A real HARD problem of DIMENSIONS!

We first divide the set of simple hyperplans into four subsets, depending whether the hyperplan has 1, 2, 3 or 4 non-zero coefficients. We'll call an hyperplan with $n$ non-zero coefficients an hyperplan of order $n$ . We will also notice that the number of regions that the unit ball is divided into is the same as the number of regions that $\mathbb{R}^4$ is divided into, since multiplying $x_1$ , $x_2$ , $x_3$ and $x_4$ by some positive real number don't change the region into which this point fall.

There are 4 hyperplans of order 1: $x_1=0$ , $x_2=0$ , $x_3=0$ and $x_4=0$ . It is pretty simple to see that those 4 hyperplans divide the space into $2^4=$ 16 regions , since every hyperplan doubles the number of regions.

Because of symmetry, hyperplans of order 2 divide each of these 16 regions into the same number of regions. Hence, we can focus only on one region and multiply by 16. We'll focus on the region where $x_1>0$ , $x_2>0$ , $x_3>0$ and $x_4>0$ . There are 12 hyperplans of order 2, but only 6 of them pass through this region: $x_1-x_2=0$ , $x_1-x_3=0$ , $x_1-x_4=0$ , $x_2-x_3=0$ , $x_2-x_4=0$ and $x_3-x_4=0$ . Each region delimited by those hyperplans correspond to a permutation of the 4 variables, so there are $4!=$ 24 regions .

For order 3, it's a little bit more difficult. We'll focus on the region $0<x_1<x_2<x_3<x_4$ ; out of the 16 hyperplans of order 3, only 4 pass into this region: $x_1+x_2-x_3=0$ , $x_1+x_2-x_4=0$ , $x_1+x_3-x_4=0$ and $x_2+x_3-x_4=0$ . We have to find the number of ways to assign $>0$ or $<0$ to each of the four equations, while respecting the following constraints, deduced from the assumption that $0<x_1<x_2<x_3<x_4$ :

$(x_1+x_2-x_4)<(x_1+x_3-x_4)<(x_2+x_3-x_4)$

$(x_1+x_2-x_4)<(x_1+x_2-x_3)$

If $x_1+x_2-x_4$ is positive, all terms are forced to be positive. If it is negative, the other terms are free to be positive or negative, except that if $x_1+x_3-x_4$ is positive, $x_2+x_3-x_4$ must also be positive. Hence, we count 7 ways to assign $>0$ or $<0$ to the four terms, so the region on which we were focusing is divided into 7 regions .
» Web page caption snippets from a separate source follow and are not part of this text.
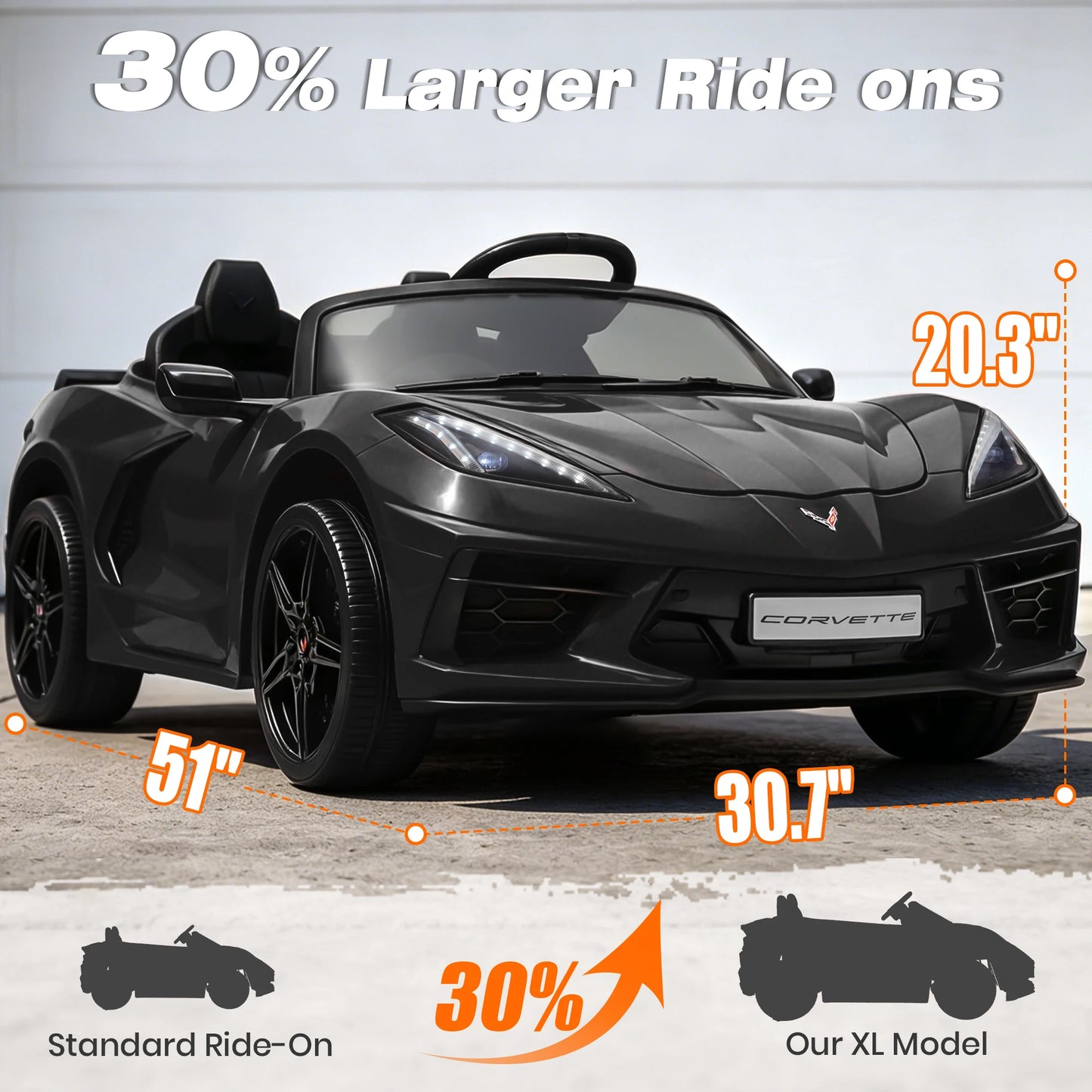 Licensed Corvette 24V 4WD 2-Seater Ride-On Car | 4x200W Powerful Motors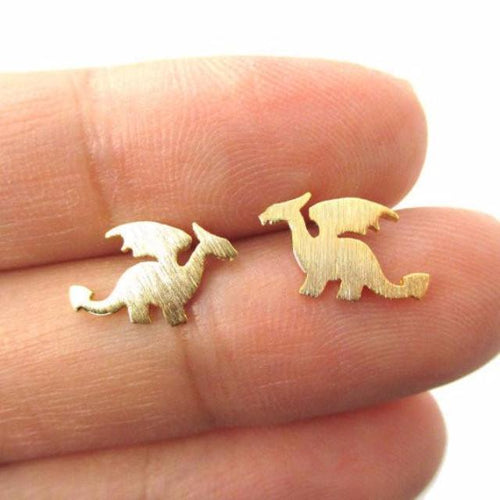 Dragon Silhouette with Wings Earrings - SexyBling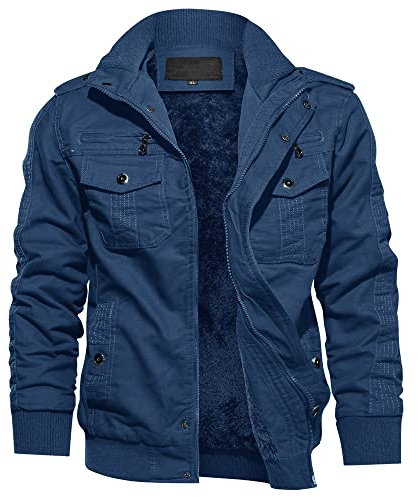 KEFITEVD Men's Military Fleece Jackets Warm Work Jacket Winter Windproof Multi Pockets Coat,Denim Blue,XL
Finally, for hyperplans of order 4, we will focus on the region determined by $0<x_1<x_2<x_3<x_4$ and $(x_1+x_2-x_3), (x_1+x_2-x_4), (x_1+x_3-x_4), (x_2+x_3-x_4)<0$ . There are 8 hyperplans of order 4, but we can verify that only one of them pass through this region: $x_1+x_2+x_3-x_4=0$ . Hence, the region is divided into 2 regions .

We can now conclude that the set of all simple hyperplans divide $\mathbb{R}^4$ into $16*24*7*2=$ $\boxed{5376}$ regions.

N.B. It would also be interesting to find a general formula for simple hyperplans in $\mathbb{R}^n$ . I found the first values: 2 for $n=1$ , 8 for $n=2$ , 96 for $n=3$ and 5376 for $n=4$ , but I'm not able to find a simple formula for higher dimensions.